DATA TO EXAMINE ::
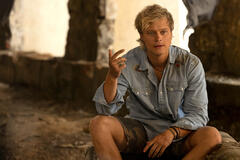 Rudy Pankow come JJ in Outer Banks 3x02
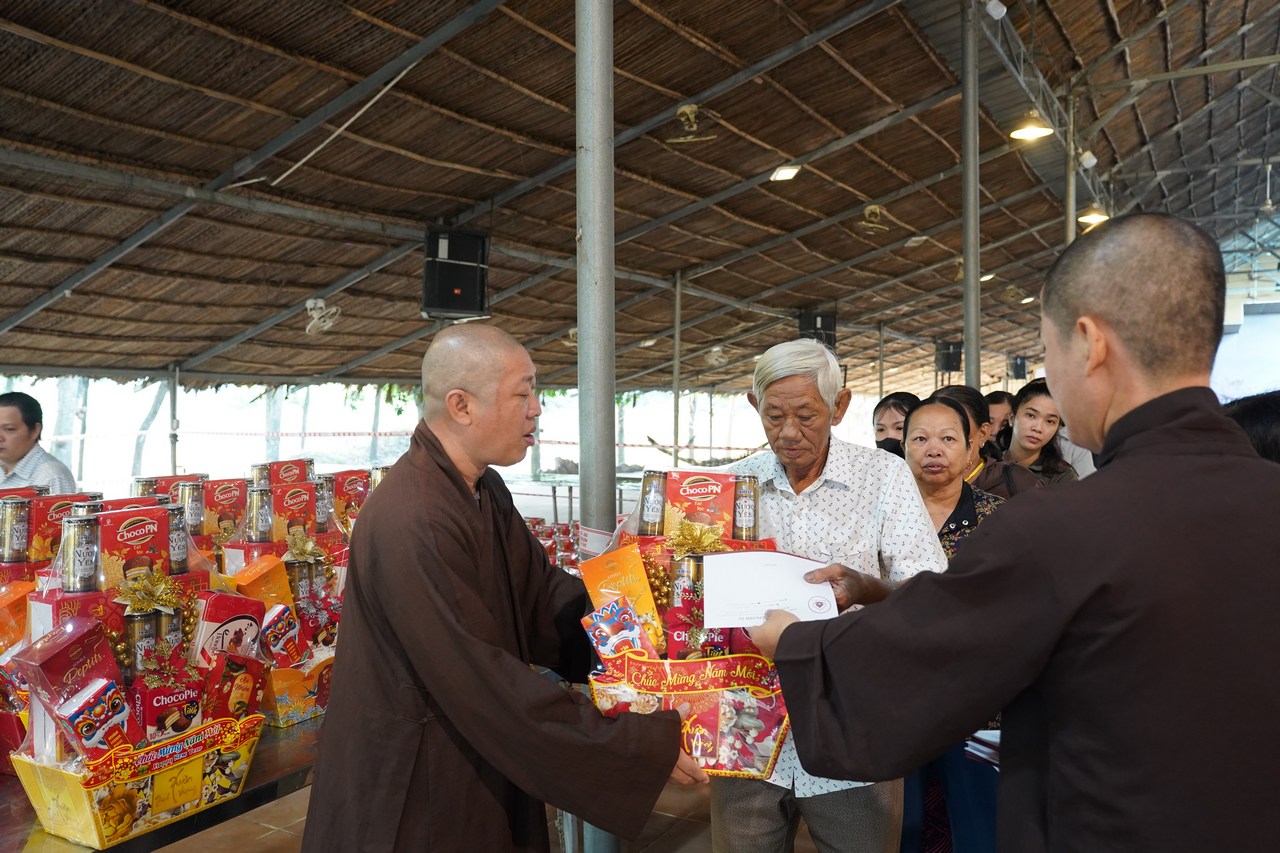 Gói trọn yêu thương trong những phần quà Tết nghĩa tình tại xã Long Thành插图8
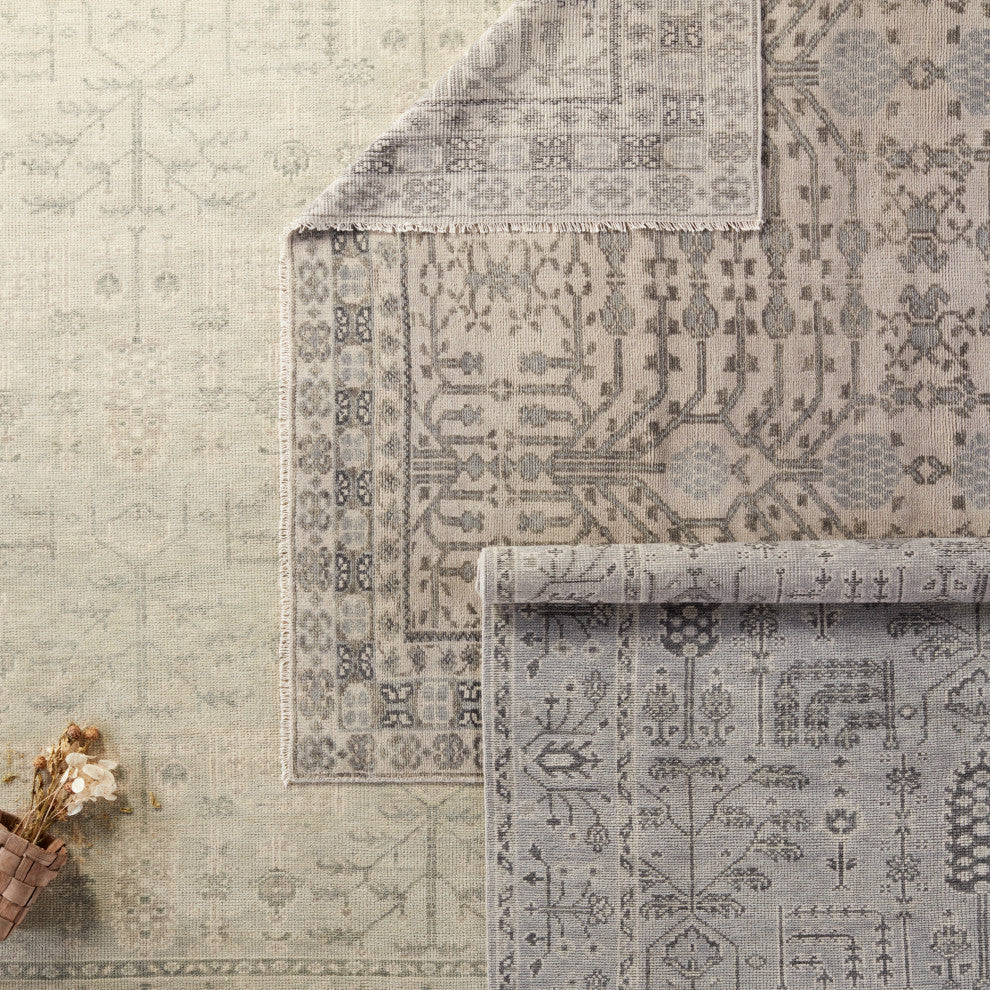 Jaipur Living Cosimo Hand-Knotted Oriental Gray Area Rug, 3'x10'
---
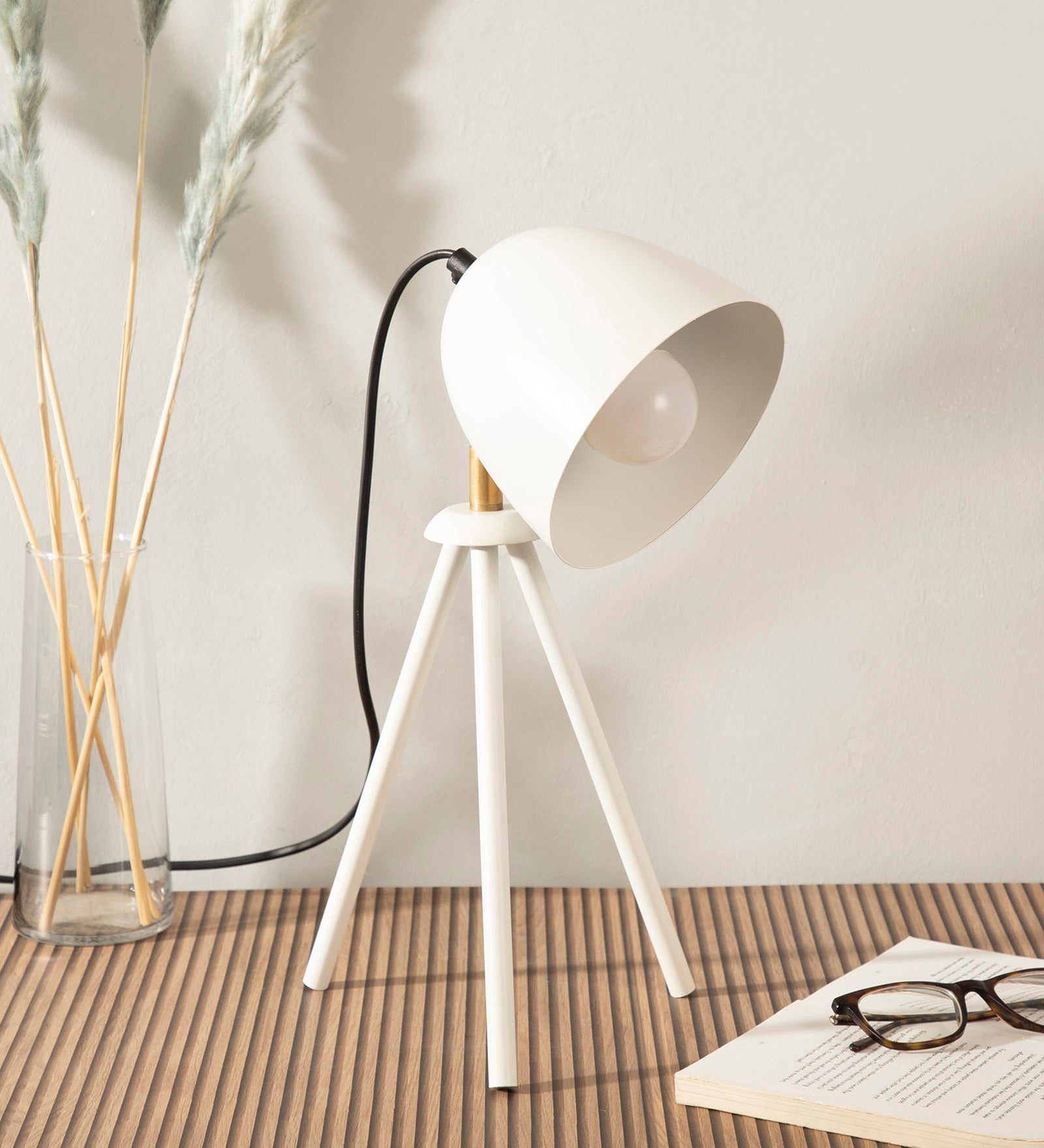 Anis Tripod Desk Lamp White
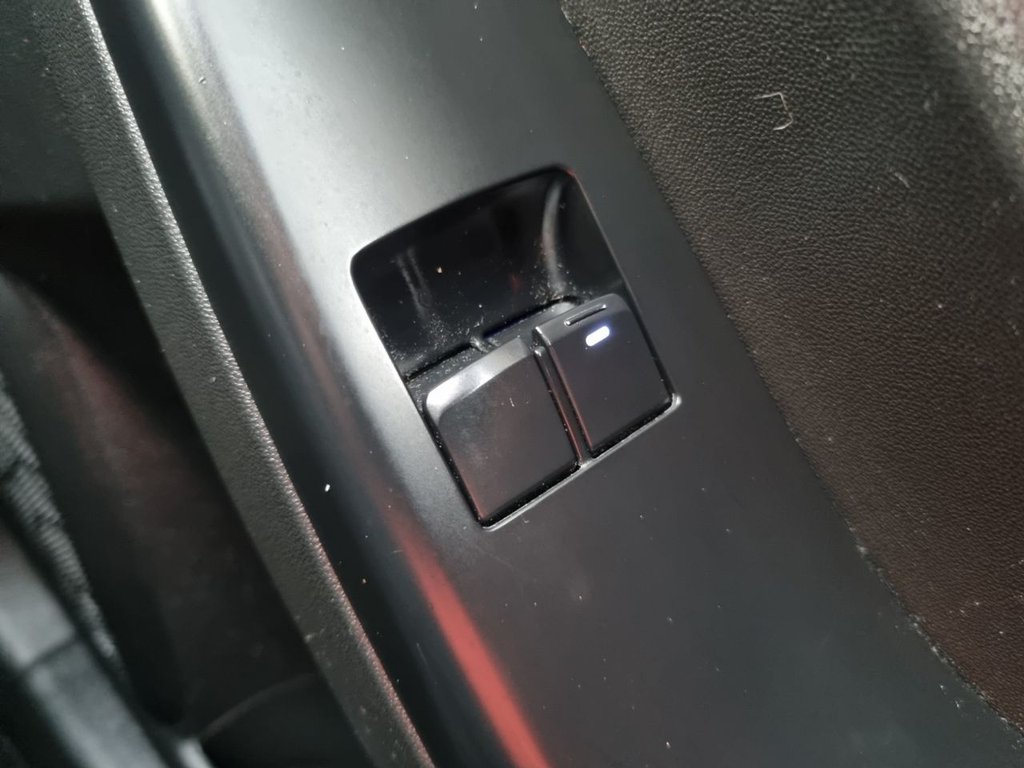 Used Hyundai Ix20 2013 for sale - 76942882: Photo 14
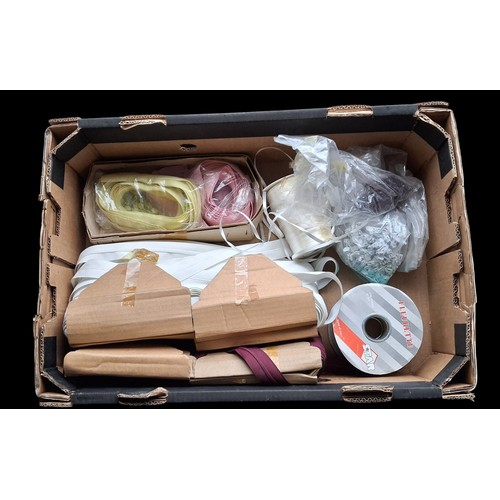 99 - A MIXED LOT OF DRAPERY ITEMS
* * *
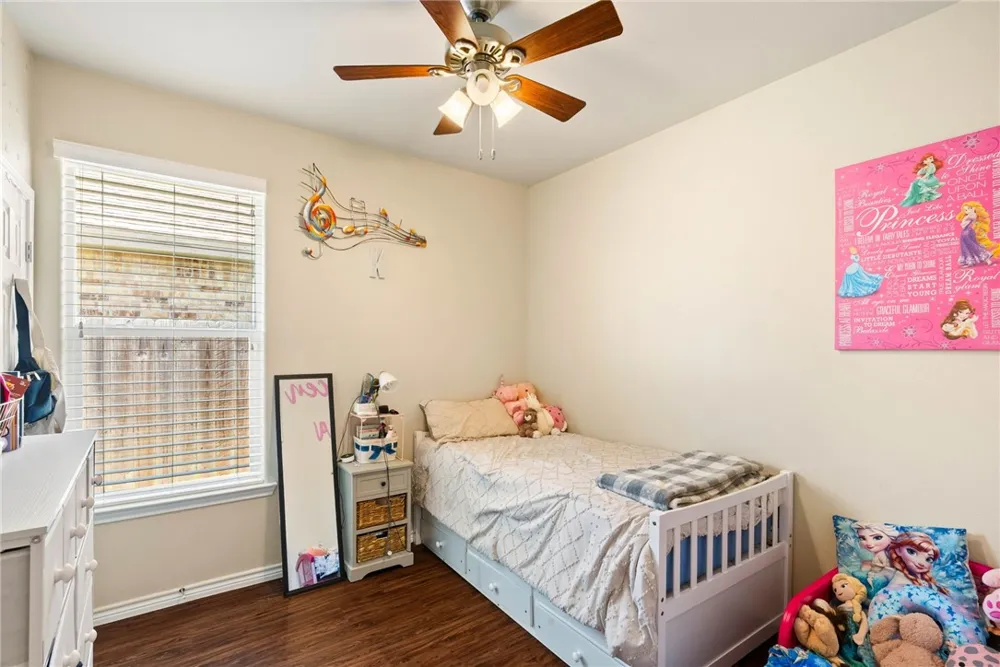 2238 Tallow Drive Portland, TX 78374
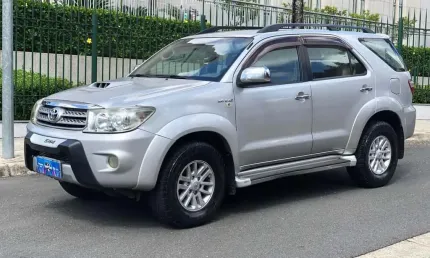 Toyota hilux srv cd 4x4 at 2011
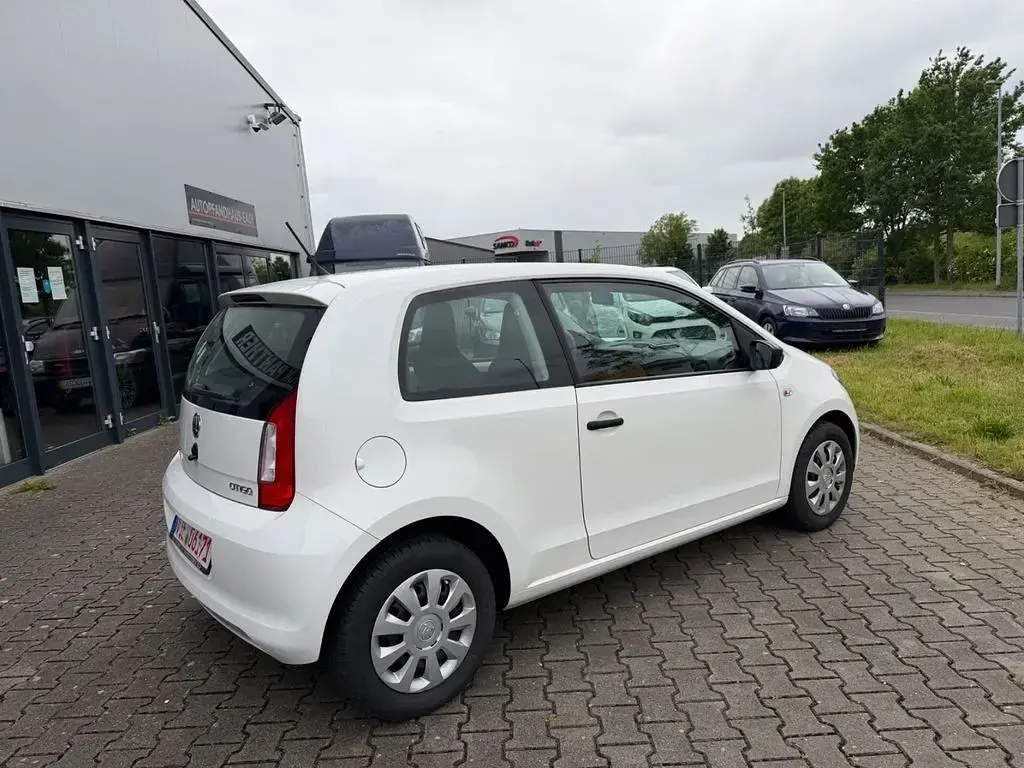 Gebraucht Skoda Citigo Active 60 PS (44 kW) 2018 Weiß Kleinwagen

YOUR ASSIGNMENT :: Find the line with "Rudy Pankow come JJ in Outer Banks 3x02" and the line with "Jaipur Living Cosimo" in the records above. Copy both and all lines between them exactly, without pictures.

PROBLEM SOLUTION ::
 Rudy Pankow come JJ in Outer Banks 3x02
 Gói trọn yêu thương trong những phần quà Tết nghĩa tình tại xã Long Thành插图8
 Jaipur Living Cosimo Hand-Knotted Oriental Gray Area Rug, 3'x10'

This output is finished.